Mortgage rates continue to ease despite worries that the Federal Reserve will eventually have to take measures to fight inflation, with rates on 30-year fixed-rate mortgages continuing to inch further below 3 percent.
"Mortgage rates continue to drift down as markets concur with the view that inflation increases are temporary,”
Freddie Mac Chief Economist Sam Khater said in a statement. “While mortgage rates are low, purchase demand has weakened over the last couple of months, primarily due to affordability constraints stemming from high home prices. With inventory tight, the slowdown in demand has yet to impact prices, meaning the summer will likely remain a strong seller’s market.”
For the week ending June 17, Freddie Mac’s weekly Primary Mortgage Market Survey reported average rates for the following types of loans:
- For 30-year fixed-rate mortgages, rates averaged 2.93 percent with an average 0.7 point, down from 2.96 percent last week and 3.13 percent a year ago. Rates for 30-year loans hit an all-time low of 2.65 percent in records dating to 1971 during the week ending Jan. 7, 2021.
- Rates on 15-year fixed-rate mortgages averaged 2.24 percent with an average 0.6 point, up slightly from 2.23 percent last week but down from 2.58 percent a year ago. The all-time low for 15-year fixed rate mortgages in records dating to 1991 was also seen during the week ending Jan. 7, 2021, when rates averaged 2.16 percent.
- For 5-year Treasury-indexed hybrid adjustable-rate mortgage (ARM) loans, rates averaged 2.52 percent with an average 0.3 point, down from 2.55 percent last week and 3.09 percent a year ago. Rates on 5-year ARM loans hit an all-time low of 2.56 percent during the week ending May 2, 2013, in Freddie Mac records dating to 2005.
Freddie Mac’s survey tracks conventional, conforming, home purchase loans for borrowers who put 20 percent down and have excellent credit. Borrowers taking out bigger loans, making smaller down payments, or with lower credit scores can expect to be quoted higher rates.

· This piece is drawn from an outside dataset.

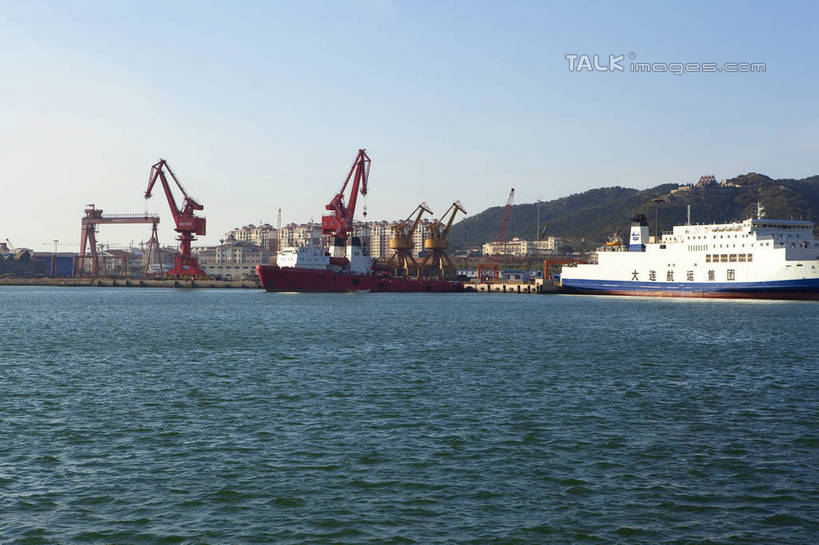 无人,码头,横图,室外,白天,正面,旅游,度假,技术,海浪,海洋,美景,港口,建筑,轮船,船,一排,停靠,阴影,整齐,光线,影子,景观,浪花,娱乐,设备,排列,施工,蓝色,蓝天,天空,阳光,自然,海水,交通工具,天,享受,休闲,机械,起重机,景色,放松,晴朗,吊机,工程,队列,停泊,自然风光,载具,塔吊,海景,万里无云,大海,风浪,海,海水的波动,近岸浪,涌浪,晴空,晴空万里,彩图,摆渡口,埠头,渡口,渡头,港湾,海港,货运码头,口岸,商港,标准节,塔式起重机,shwf1,交通运输部救助打捞局,救捞局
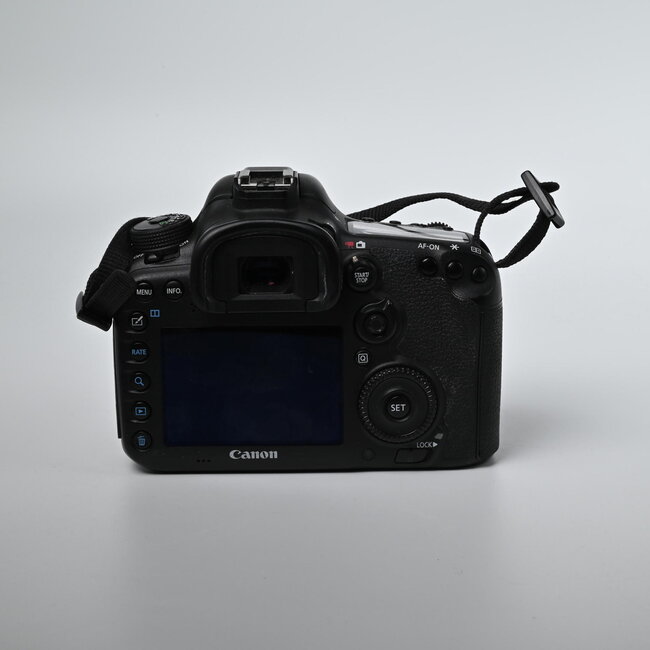 Canon Used Canon EOS 7D Mark II DSLR Camera (Body Only)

Mortgage rates surged in February and March on fears that the Fed will soon be forced to take steps to counter inflation. The Consumer Price Index was up 5.0 percent from a year ago in May, the biggest annual increase since August, 2008.
This week, Fed policymakers restated their commitment to continue buying $80 billion in long-term Treasurys and $40 billion in mortgage-backed securities each month “until substantial further progress has been made” toward the Fed’s employment and price stability goals. Those purchases are credited with helping keep mortgages and other long-term interest rates low.
In a statement, members of the Federal Open Market Committee acknowledged worries about inflation, but characterized them as largely transitory. For now, the Fed is willing to let inflation rise “moderately above 2 percent for some time”
as long as longer-term expectations remain “well anchored”
at 2 percent.
However, in a forecast released this week, economists at Fannie Mae warned that rents and home prices are a significant component of inflation, and that rising housing costs could drive inflation out of the Fed’s comfort zone.
Fannie Mae economists downgraded their forecast for second and third quarter home sales, citing listings shortages and constraints on homebuilders that are denting home sales and driving up home prices and rents.